Teen says he is sorry for double murder


Sentenced to life in parents' slaying

The Associated Press

COLUMBIA, Ky. - A Kentucky teen who admitted to murdering his parents last December broke months of silence Tuesday, telling an Adair County judge that he is sorry for what he did.

"I have no way to tell anyone what inside of me made me pull the trigger and kill my father," Blake Walker, 17, said in a written statement delivered to reporters at his sentencing hearing here. "Those moments are just a blur in my memory. My mother screaming still haunts my sleep each night. ... I have no idea why I shot my mother. She was so good to me."
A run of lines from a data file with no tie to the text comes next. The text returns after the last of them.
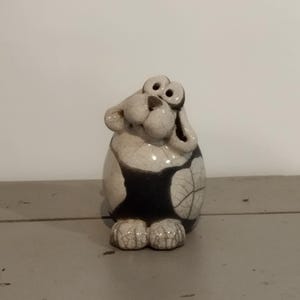 Peut inclure: Une figurine en céramique représentant un chien au corps crème orné d'un motif de glaçure craquelée brun foncé. Le chien possède de grands yeux ronds, un museau proéminent, des oreilles tombantes et un corps arrondi et trapu.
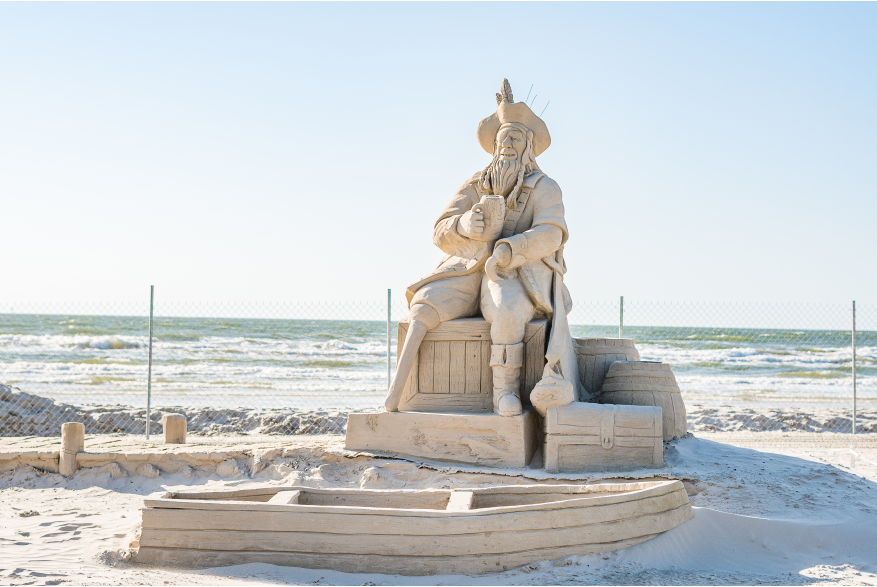 Sand sculpture of a pirate drinking out of a cup and sitting on barrels. In front of him is a rowboat made of sand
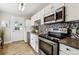 Modern kitchen with stainless steel appliances and a stylish backsplash at 3551 Leyden St, Denver, CO 80207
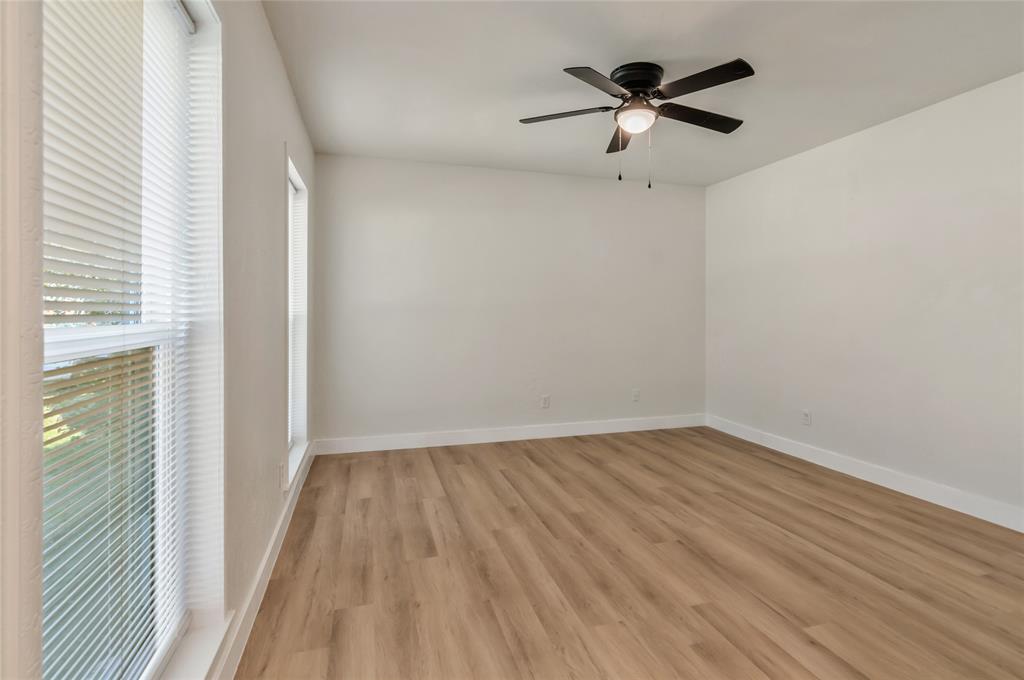 3708 Spring Meadow Lane Flower Mound, TX 75028 - Photo 6 of 39 a view of an empty room with wooden floor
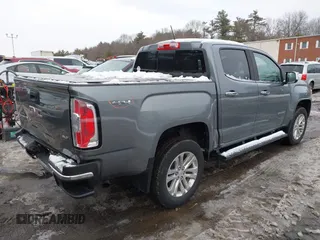 2018 GMC Canyon 4WD SLT with VIN 1GTG6DEN2J1301633, listed as a IAAI auction lot 41530624 with 98,771 mi miles. Bid and sale history available at carsss.com. Image 4.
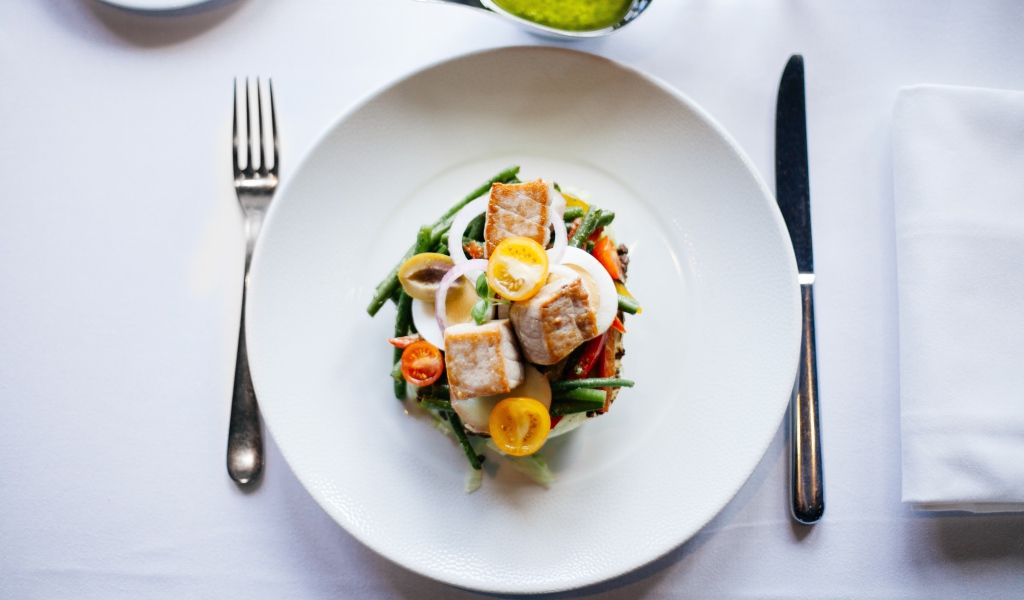 Овощной салат на белой тарелке со столовыми приборами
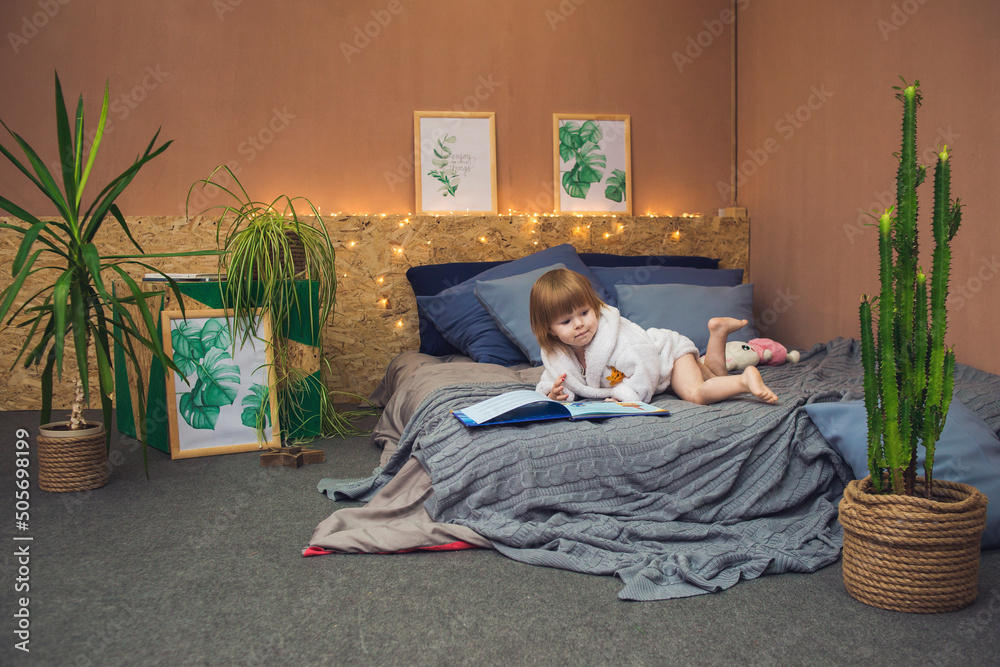 beautiful cute little girl in a white terry bathrobe on the bed. happy child playing - obrazy, fototapety, plakaty 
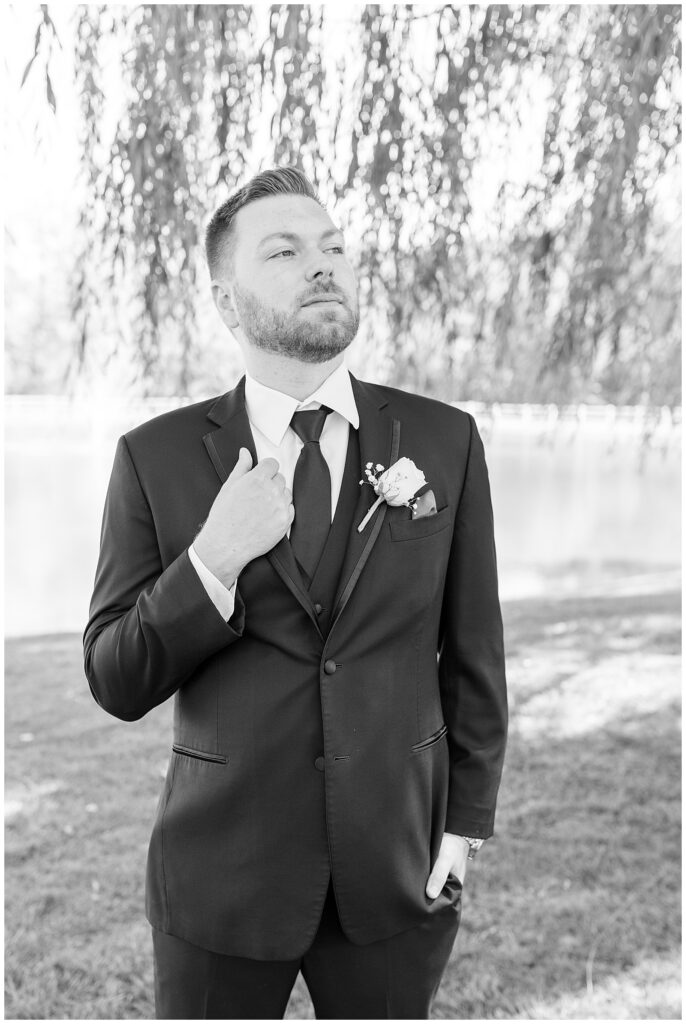 black and white photo of groom looking off into distance and holding edge of his suit coat at pond view farm in maryland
Walker, a former Boy Scout and honor student at Adair County High School, had not spoken publicly about the crimes except to enter a guilty plea in July. That's when he admitted shooting his father, Brian Walker, once in the head with a rifle and then shooting his mother, Barbara Peterson, multiple times in their home on Dec. 9.

Walker told Adair Circuit Judge James G. Weddle that he loved his parents and that he was sorry for the trouble he had caused.

Weddle sentenced the teen to life in prison without the possibility of parole for 25 years.

"Every minute that I am awake, I think of what happened," Walker said in the statement. "Every minute I sleep I see what I did, over and over again. My parents are always in my thoughts. I am so sorry for what I did."

In his prepared statement, Walker said he had taken a gun and went hunting after an argument with his father. When he came back into the house, the argument continued.

"The next thing I know, I have the gun back in my hands and I have it pointed at the back of my Dad's head," Walker said. "I did not plan to kill him. I just sat there on the bed and the anger and frustration just kept growing inside me."

Weddle ordered Walker incarcerated by the Kentucky Department of Juvenile Justice until he turns 18 on Dec. 27. At that time, the judge said, Walker will be placed in an adult prison.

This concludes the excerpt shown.